Dame nature n’était peut-être pas du côté de Gilles, mais le marché oui. Attribués à la rareté du produit, les prix des récoltes céréalières ont alors doublé. Une bonne nouvelle pour «ceux qui ont été capables de battre une petite récolte».

 

Malgré une nouvelle hausse des prix des céréales depuis le début du conflit ukrainien, les coûts des engrais et des carburants ont, eux aussi, augmenté. D’autres vivent encore les effets de la sécheresse de 2020. L’avenir semble donc se dessiner dans un ciel incertain.

 

Pourquoi les sécheresses frappent-elles davantage les Prairies?

Felix Nwaishi, professeur au département de la Terre et des sciences de l’environnement du Mount Royal University, explique la vulnérabilité des Prairies par sa position géographique. Située en plein cœur du triangle Palliser, cette région «reçoit les précipitations annuelles moyennes les plus faibles du pays», vulgarise-t-il.

 

Au début du 20e siècle, des sécheresses ont rendu la pratique agricole hostile dans le centre-sud et le sud-est de l’Alberta. Le début de ce siècle est aussi touché et «des épisodes ont également été enregistrés dans cette région». Monsieur Nwaishi ne doute pas que ces épisodes sont également attribuables aux changements climatiques.

 

Une autre piste évoquée est la perte des milieux humides : celle-ci doit être considérée avec sérieux. Aujourd’hui, les aménagements urbains et agricoles se font souvent au détriment de ces dernières alors qu’elles limitent les effets négatifs des sécheresses.

 

«Environ 64% des milieux humides de l’Alberta ont disparu ou se sont dégradés dans les zones habitées de la province», peut-on lire sur le site web de Canards Illimités Canada, un organisme de bienfaisance canadien qui milite pour la protection de l’environnement.

 

«Environ 64% des milieux humides de l’Alberta ont disparu ou se sont dégradés dans les zones habitées de la province.» Felix Nwaishi

 

Le professeur en science des écosystèmes fait les mêmes constats.
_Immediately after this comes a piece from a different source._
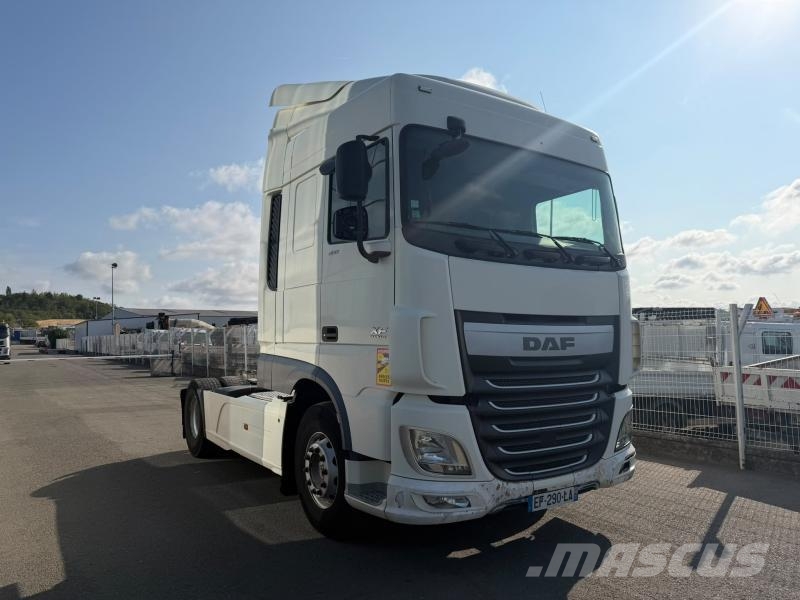 DAF XF105 460 Tractor Units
Ces milieux, qui étaient «une composante majeure de la mosaïque du paysage d’avant la colonisation dans les Prairies», doivent être protégés. En effet, il affirme que leur «rétablissement est crucial pour rendre cette région résistante à la sécheresse du 21e siècle».

 

La suite…

L’homme de Girouxville observe «des extrêmes météorologiques» depuis quelques années. Il n’est pas le seul. Environnement Canada affirme que le pays se réchauffe deux fois plus rapidement que le reste du globe. Tandis que certaines parties du Canada jouiront de plus de précipitations, les vagues de chaleur et les sécheresses vont finalement s’intensifier dans les Prairies.

 

Le déficit hydrique est la différence cumulée entre l’évapotranspiration potentielle et les précipitations pendant une période où ces dernières sont inférieures à la première.